Lines from the one containing "AMA BRAND DELUXE" through the last line of the records below need to be repeated exactly; nothing else, and no pictures.

*** Opening of EXTRACTED RECORDS ***

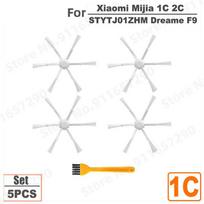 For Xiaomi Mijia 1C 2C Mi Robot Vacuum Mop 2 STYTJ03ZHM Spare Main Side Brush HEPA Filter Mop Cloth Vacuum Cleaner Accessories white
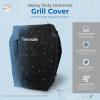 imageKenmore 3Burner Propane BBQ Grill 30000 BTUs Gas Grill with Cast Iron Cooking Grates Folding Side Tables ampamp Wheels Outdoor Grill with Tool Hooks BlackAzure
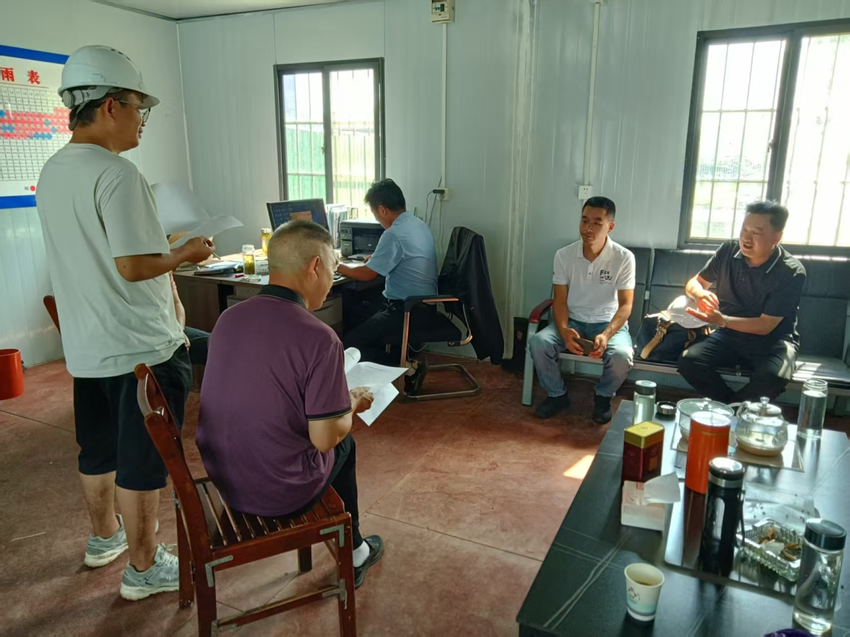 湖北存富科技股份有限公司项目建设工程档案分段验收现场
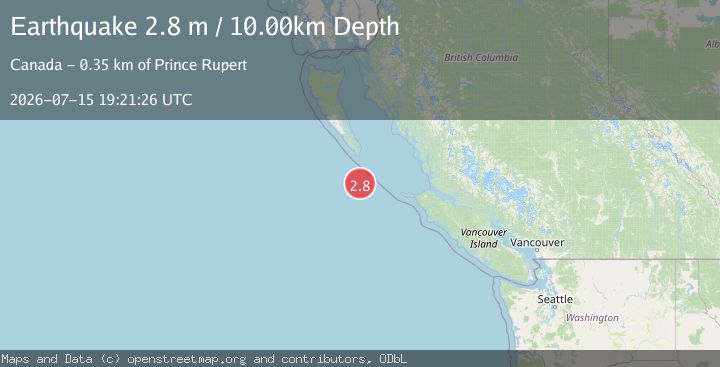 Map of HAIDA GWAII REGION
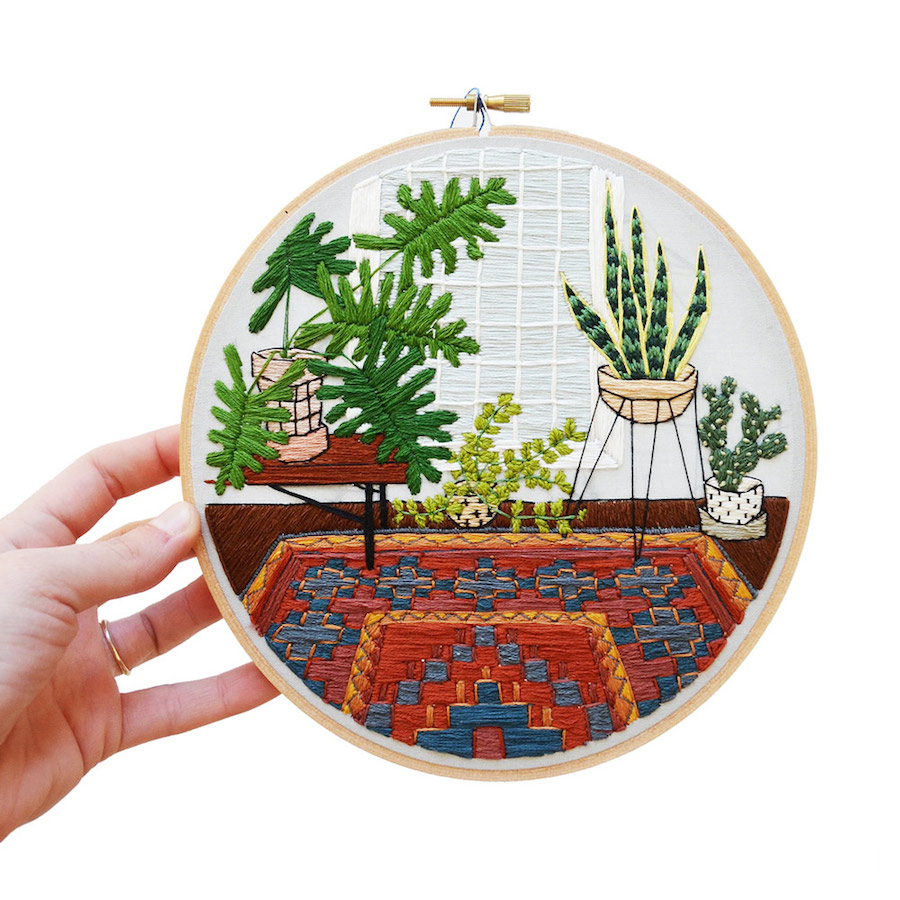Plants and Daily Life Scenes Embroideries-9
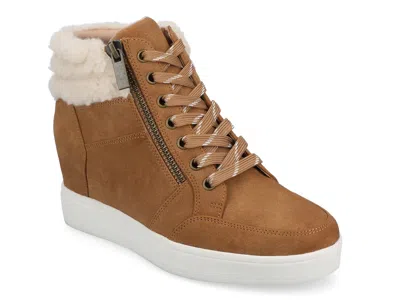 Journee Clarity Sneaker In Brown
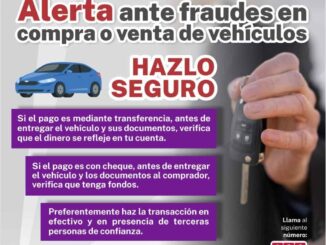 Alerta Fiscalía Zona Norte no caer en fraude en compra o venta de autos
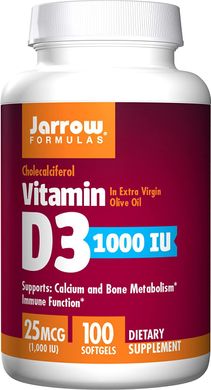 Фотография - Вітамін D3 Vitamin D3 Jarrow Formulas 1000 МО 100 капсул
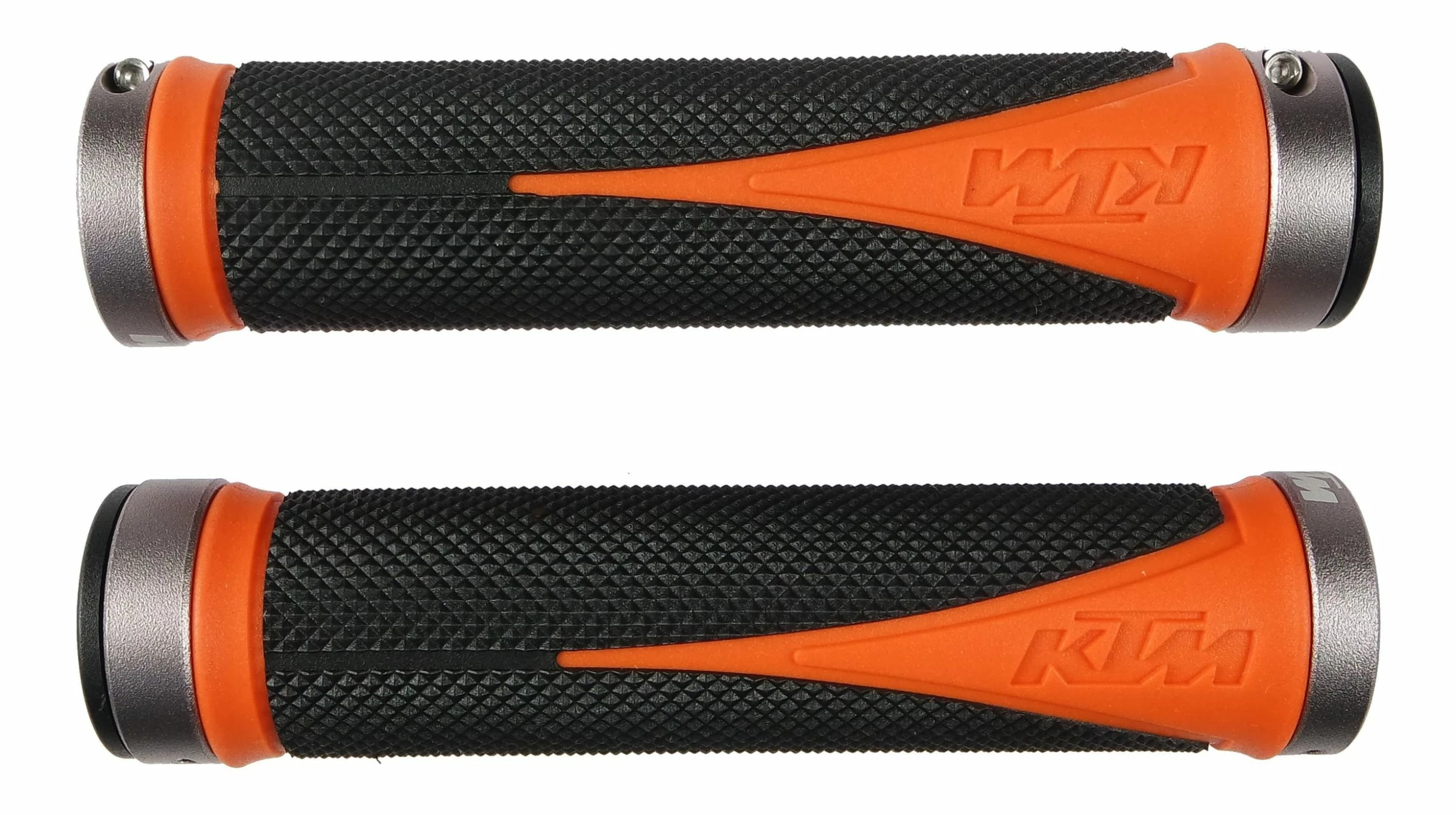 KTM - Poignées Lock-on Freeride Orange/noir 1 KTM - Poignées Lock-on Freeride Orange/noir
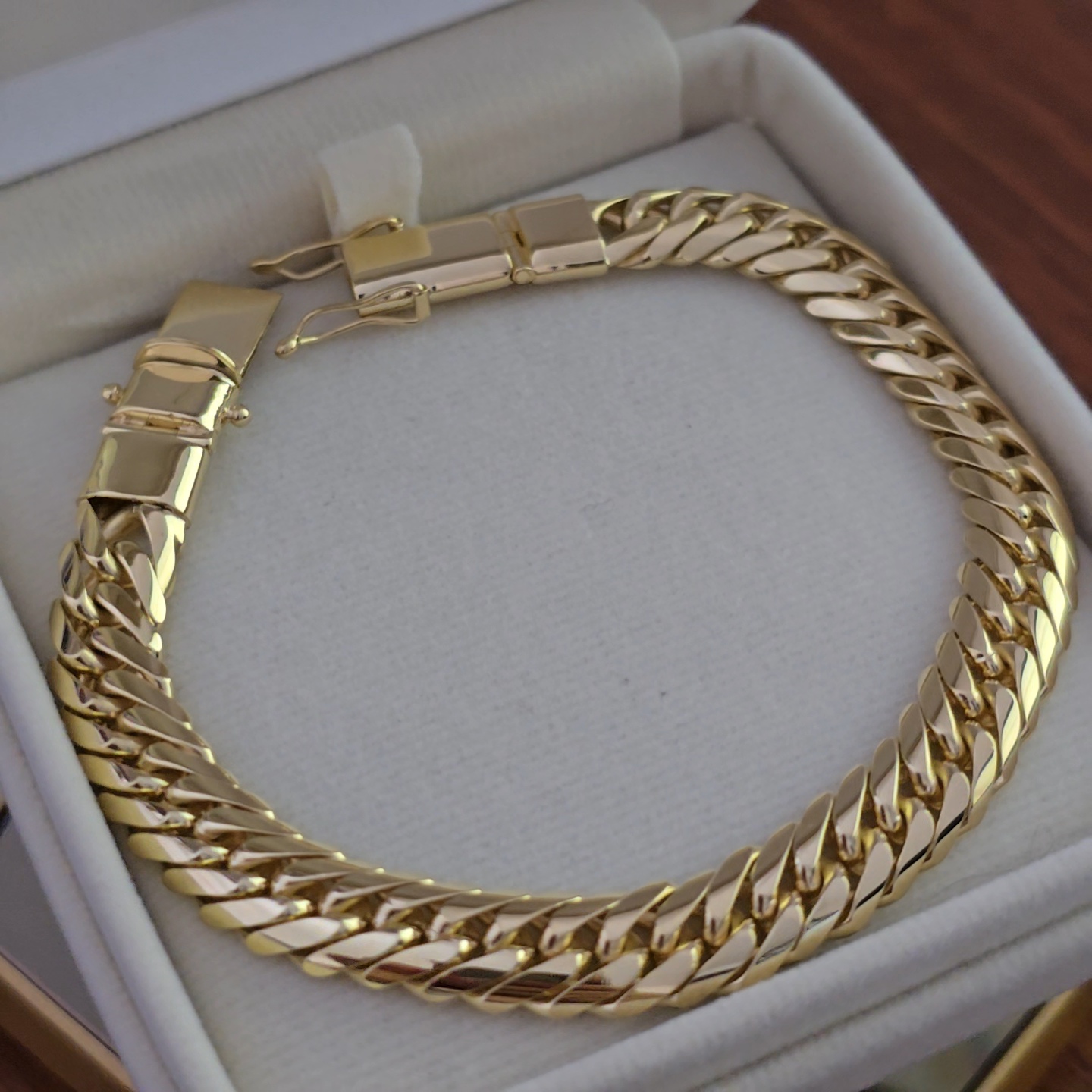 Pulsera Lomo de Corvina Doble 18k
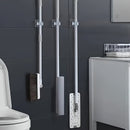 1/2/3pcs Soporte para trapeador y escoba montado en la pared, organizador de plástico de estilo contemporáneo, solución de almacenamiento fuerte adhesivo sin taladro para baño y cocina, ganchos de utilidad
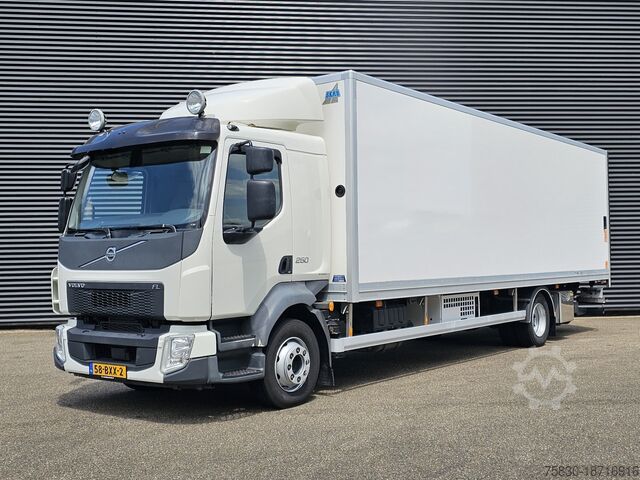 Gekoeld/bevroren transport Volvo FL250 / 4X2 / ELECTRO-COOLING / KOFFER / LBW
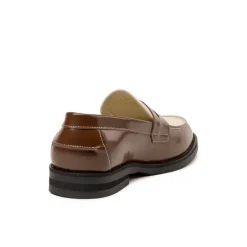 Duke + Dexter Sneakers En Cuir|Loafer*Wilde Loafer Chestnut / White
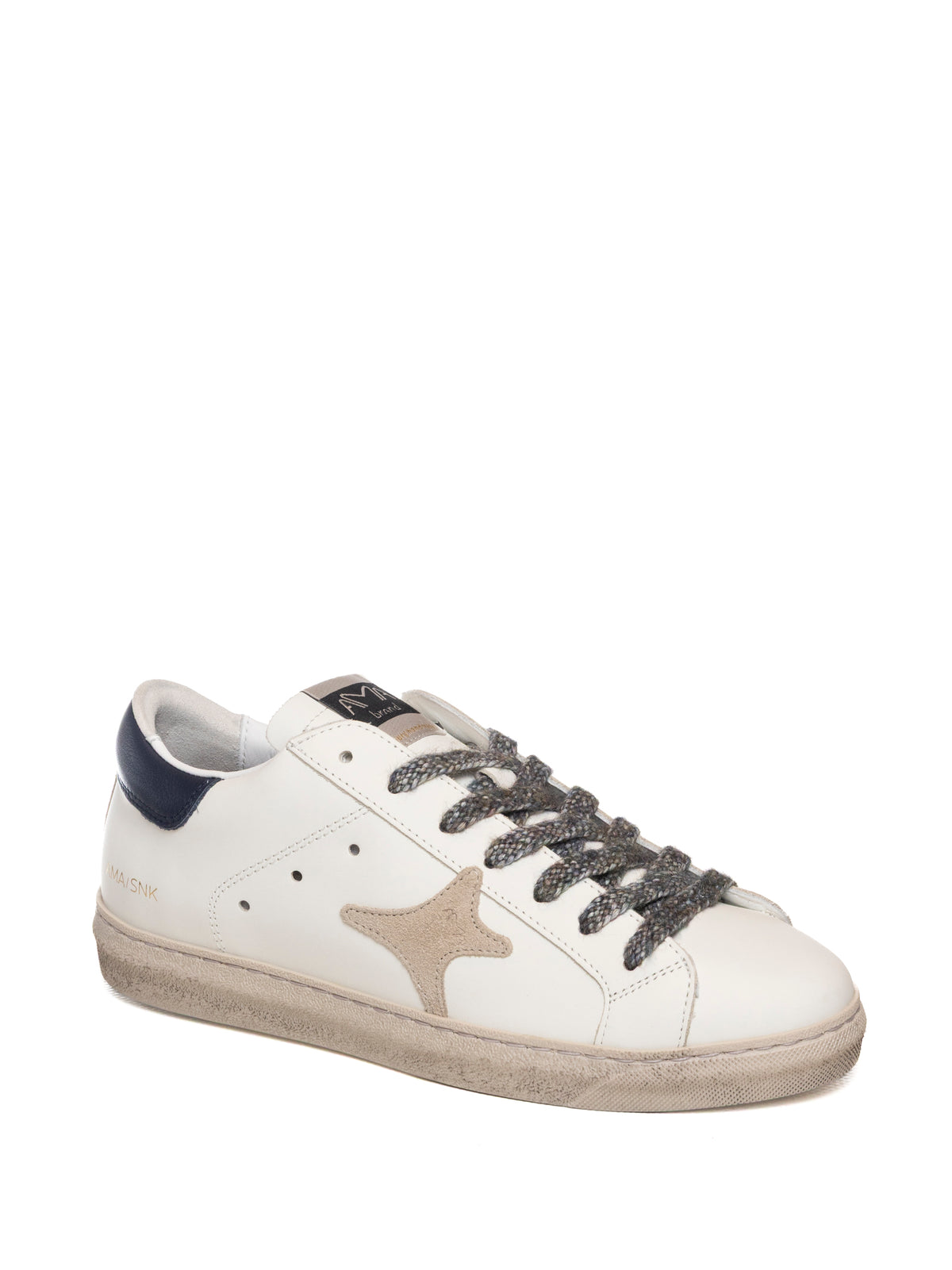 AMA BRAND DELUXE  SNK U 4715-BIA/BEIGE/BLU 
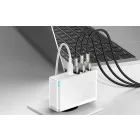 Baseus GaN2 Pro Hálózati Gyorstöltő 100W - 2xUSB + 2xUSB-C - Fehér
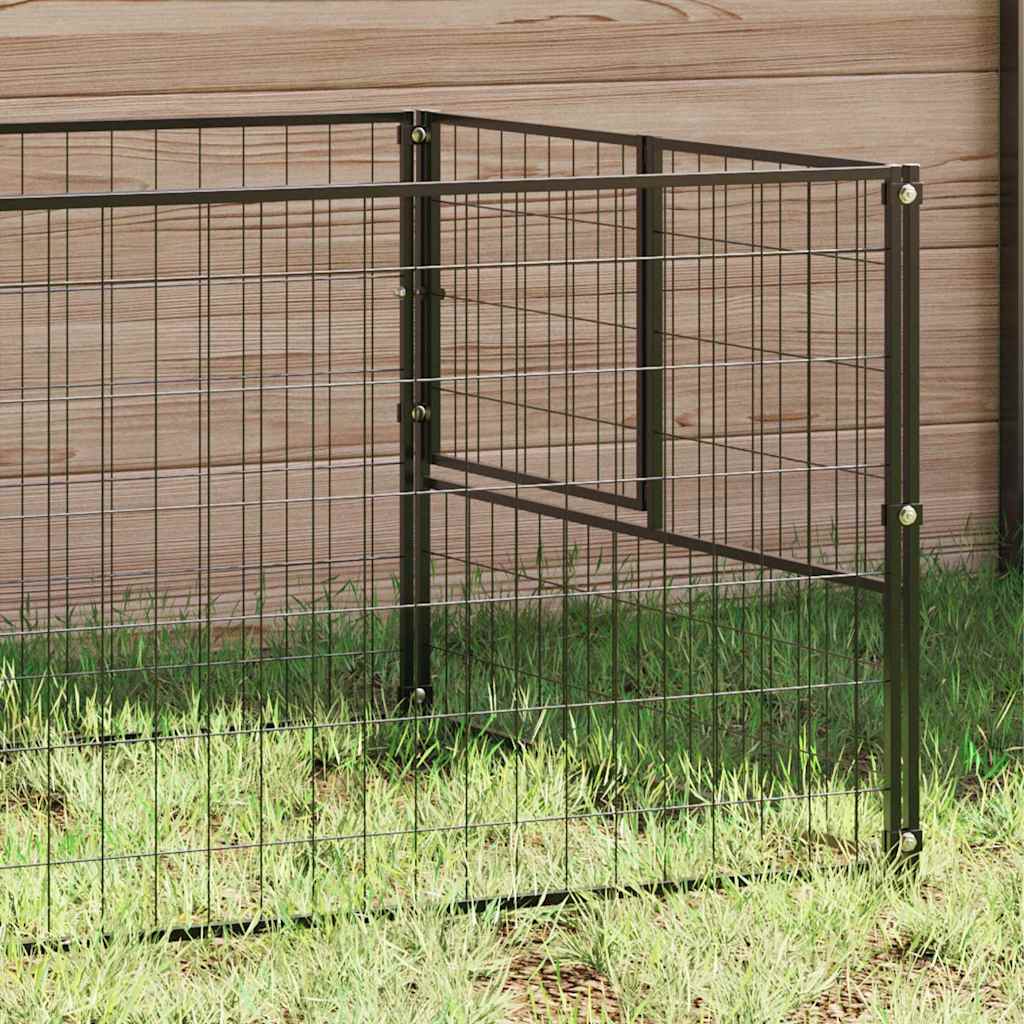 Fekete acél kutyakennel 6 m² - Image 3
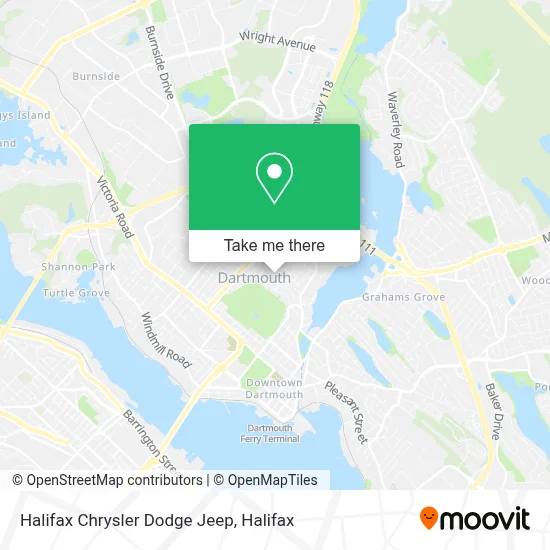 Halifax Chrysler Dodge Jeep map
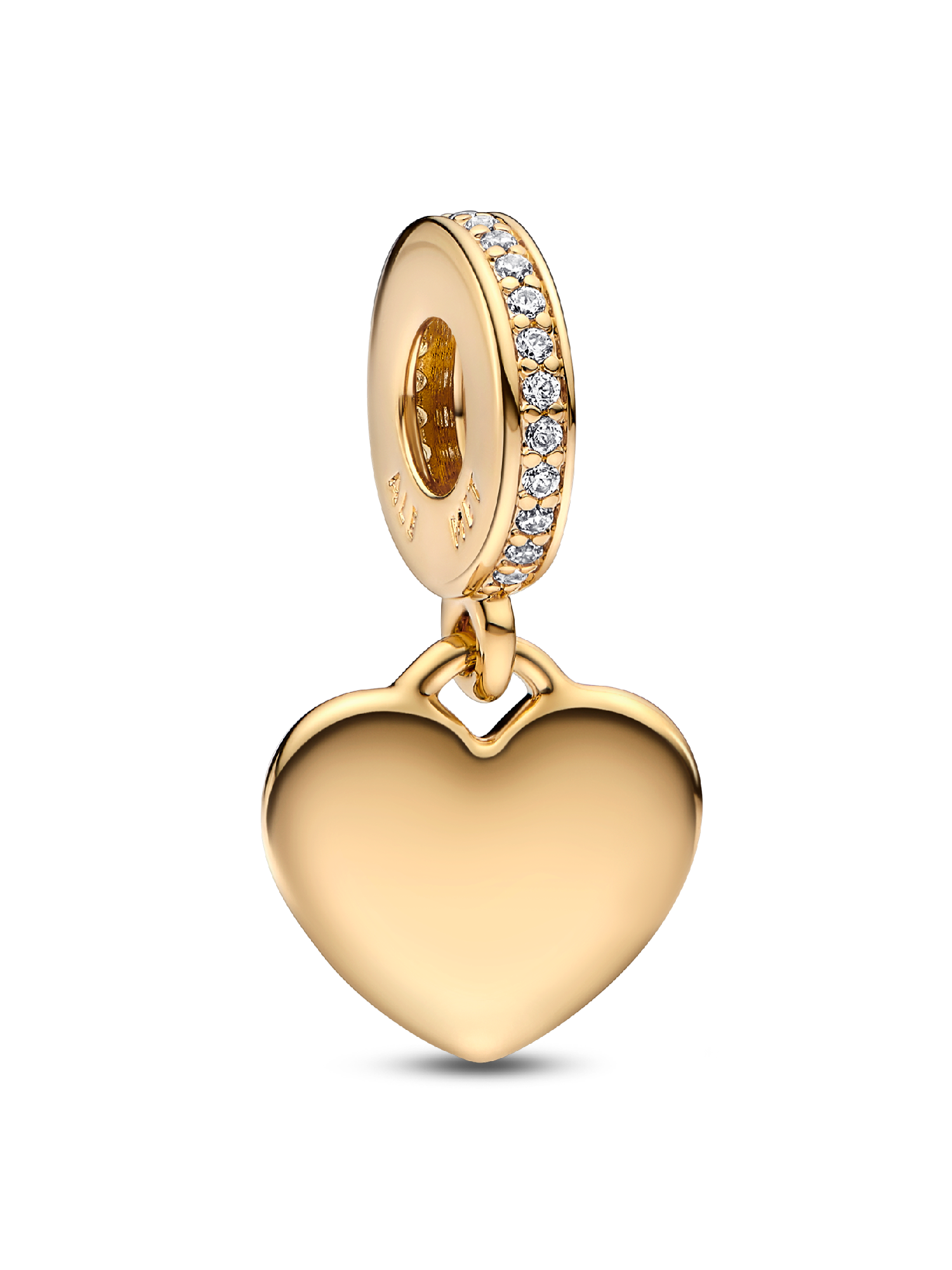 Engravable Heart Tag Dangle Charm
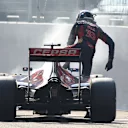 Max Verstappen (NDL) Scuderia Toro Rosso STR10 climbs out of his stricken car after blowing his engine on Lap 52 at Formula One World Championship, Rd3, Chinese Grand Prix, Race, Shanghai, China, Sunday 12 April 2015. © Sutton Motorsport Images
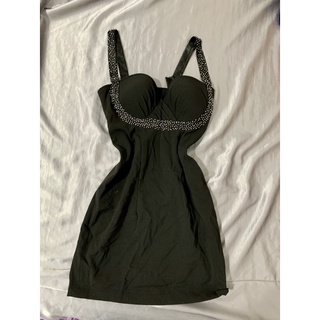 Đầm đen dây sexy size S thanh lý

*** Close of EXTRACTED RECORDS ***

--- SOLUTION FOR THIS EXERCISE ---
 AMA BRAND DELUXE  SNK U 4715-BIA/BEIGE/BLU 
 Baseus GaN2 Pro Hálózati Gyorstöltő 100W - 2xUSB + 2xUSB-C - Fehér
 Fekete acél kutyakennel 6 m² - Image 3
 Halifax Chrysler Dodge Jeep map
 Engravable Heart Tag Dangle Charm
 Max Verstappen (NDL) Scuderia Toro Rosso STR10 climbs out of his stricken car after blowing his engine on Lap 52 at Formula One World Championship, Rd3, Chinese Grand Prix, Race, Shanghai, China, Sunday 12 April 2015. © Sutton Motorsport Images
 Đầm đen dây sexy size S thanh lý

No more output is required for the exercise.